I remember studying an ancient argument about a certain Scriptural discrepancy; two conflicting passages:
To God (belongs) the Earth and all that fills it. *
The Heavens?
The Heavens are for God and
the Earth (God) gave to the Children of Adam. (Ps 115)
The Sages slithered through this discrepancy with some ease:
The first? refers to the time before one offers (God) a blessing.
The Second? after a blessing is offered.**
Holidays about sacrifice are upon us in the Judaeo-Christian sector of the monotheistic world ... Easter and its complete sacrifice of the young Rabbi from Nazareth and the the Paschal Lamb that indicates God's willingness to let slaves out of the House of Bondage ... with the Grim Reaper passing over their dwellings in Goshen ... leaving their firstborn ... alone and alive.
The House I live in? Borrowed!
My Children? Borrowed?
All my stuff? On loan.
GuntherDog? Short-term loan.
GuntherDog? Short-term loan.
Even M? On very long-term loan! ***
However, indeed, one feels about the presence or absence of an interested deity, "someone to watch over me" ... the Mother that we all crave or the Father that keeps us in line ... the temporality of life gives it a powerful meaning (I seem to recall the Physician-Philosopher Leon Kass speaking about this matter on a speaking tour some years ago.)
My Dad after he turned 70 or so was prone to becoming tearful at family celebrations; the recognition of this temporality, perhaps, is not only meaning-giving but loaded with sadness. Oh! I know there are those who preach that "death is just another part of life," but I have my suspicions that "on the pillow of night" thoughts may be more complex than that.

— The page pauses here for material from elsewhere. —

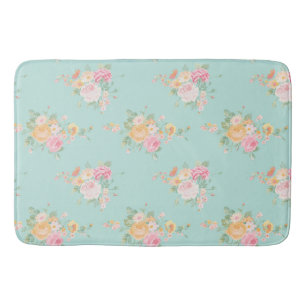 schön, tadellos, Shabby Chic, Land Chic, mit Badematte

So Sacrifice? This morning, I have no facile answers. Maybe it's an attempt to work through the feelings of our mortality ... of the borrowed nature of those things we love and tend to .... by offering on the altar or the Cross some animal or some one who is felt as a source of love and comfort.
Just as a By the Way: I was rather amused, long ago, in seeing that some modern liturgists had removed from their prayer books a rather innocuous line originally from the prophecies of the visionary poet, Malachi:
And (someday) the Grain Offering of Judah and Jerusalem
will be pleasing to God just like in the Days of Old.
The meaning, apparently, that sacrifices hold for us is quite complicated. Happy Holidays.
* I forget where that one's cited from but the arguing Sages cite it and when I was young it was popular to put before one's name when claiming it on your own inside the front cover ... as if to remind: things here in this life are, so to speak, "on loan."
** I'm afraid the record for this resolution has been lost to the Fog of the Last Quarter, as well, but I suspect may be found somewhere around p 30-40 of Tr. Brachoth.
*** After 36 years in my home and 50 years with M, y'might think ... but no-o-o-o! not even M.